# Data from pMTnet

- download from: https://github.com/tianshilu/pMTnet/tree/master/data
- 放在 ``TCRdata/raw/paper/pMTnet/``

In [1]:
import pandas as pd
from utils import save_csv

to_your_path = '/data/lujd/'

### ¶ Training set

In [2]:
import pandas as pd

datapath = to_your_path + "TCRdata/raw/paper/pMTnet/"
filename1 = "training_data.csv"

df1 = pd.read_csv(datapath+filename1, sep=",")
df1.head(3)

Unnamed: 0,CDR3,Antigen,HLA
0,CASSSRSSYEQYF,GILGFVFTL,A*02:01
1,CASSPVTGGIYGYTF,NLVPMVATV,A*02:01
2,CSARDGTGNGYTF,GLCTLVAML,A*02:01


In [3]:
# statistic
for col in df1.columns:
    print(f"{col}'s number: {df1[col].nunique()} ")
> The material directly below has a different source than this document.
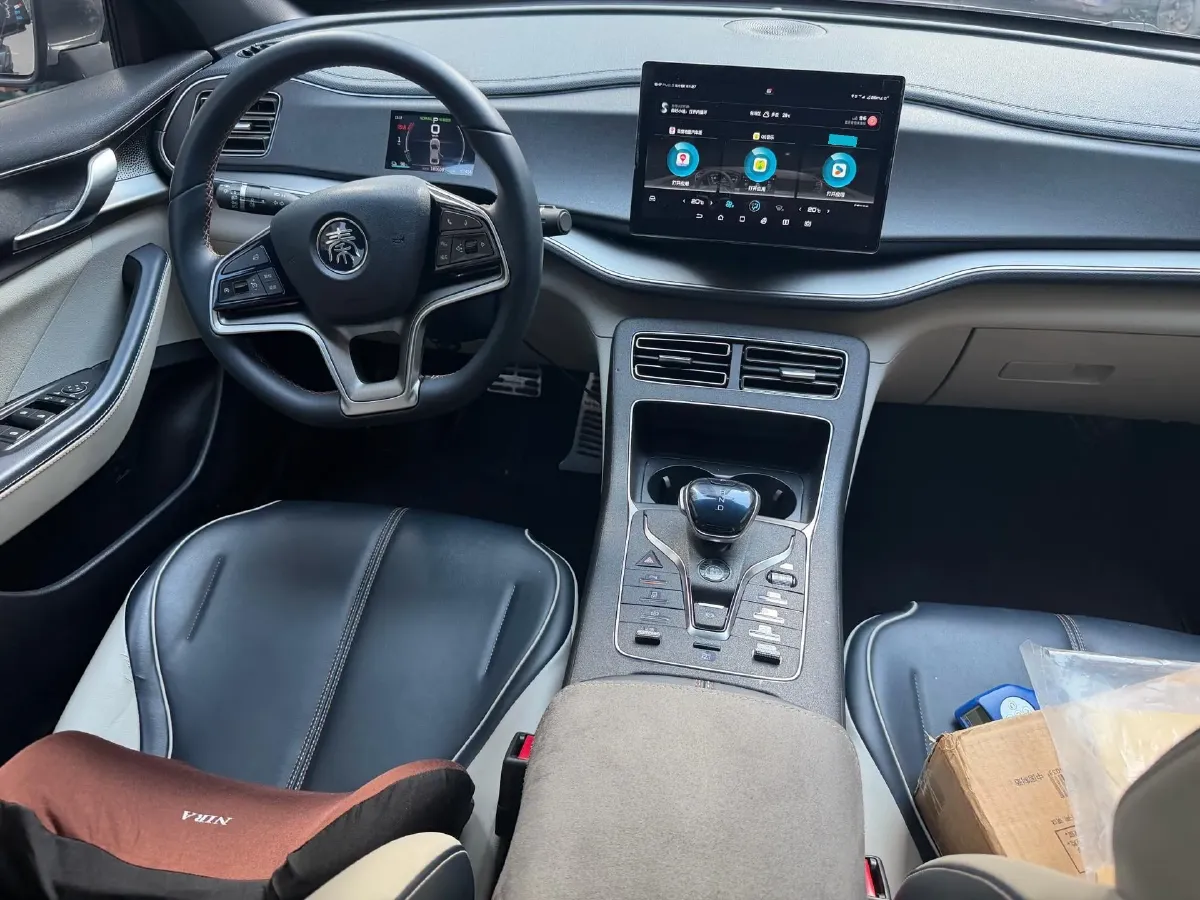 2021 MAXUS G50 1.5T 169HP L4 7DCT,autocango,china used car exporter,china ev exporter,chinese used car exporter,chinese used ev exporter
print(f"total number: {len(df1)} ")

CDR3's number: 29226 
Antigen's number: 428 
HLA's number: 64 
total number: 32044 


In [4]:
len(df1["Antigen"].unique()) # nan

429

In [6]:
len(df1["CDR3"].unique())

29226

In [7]:
sum = 0
for cdr3 in df1["CDR3"].unique():
    if ";" in cdr3:
        sum += 1
print(sum)

1799


- **The data's a little dirty.**

In [8]:
# remove nan from colum "Antigen"
df1 = df1.dropna(axis=0, subset = ["Antigen"]).reset_index(drop=True)

len(df1["Antigen"].unique()), len(df1)

(428, 32041)

In [9]:
def remove_semicolons(data):
    return data.strip(';')

df1['CDR3'] = df1['CDR3'].apply(remove_semicolons)

sum = 0
for cdr3 in df1["CDR3"].unique():
    if ";" in cdr3:
        sum += 1
print(sum, df1["CDR3"].nunique())

0 28621


### ¶ Testing set

In [10]:
filename2 = "testing_data.csv"
df2 = pd.read_csv(datapath+filename2, sep=",")
df2.head(3)

Unnamed: 0,CDR3,Antigen,HLA
0,CASSLSFGTEAFF,SMLGIGIYPV,A*02:01
1,CASSLSFGTEAFF,LMFDRGMSLL,A*02:01
2,CASSLSFGTEAFF,ILEDRGFNQV,A*02:01


In [11]:
# statistic
for col in df2.columns:
    print(f"{col}'s number: {df2[col].nunique()} ")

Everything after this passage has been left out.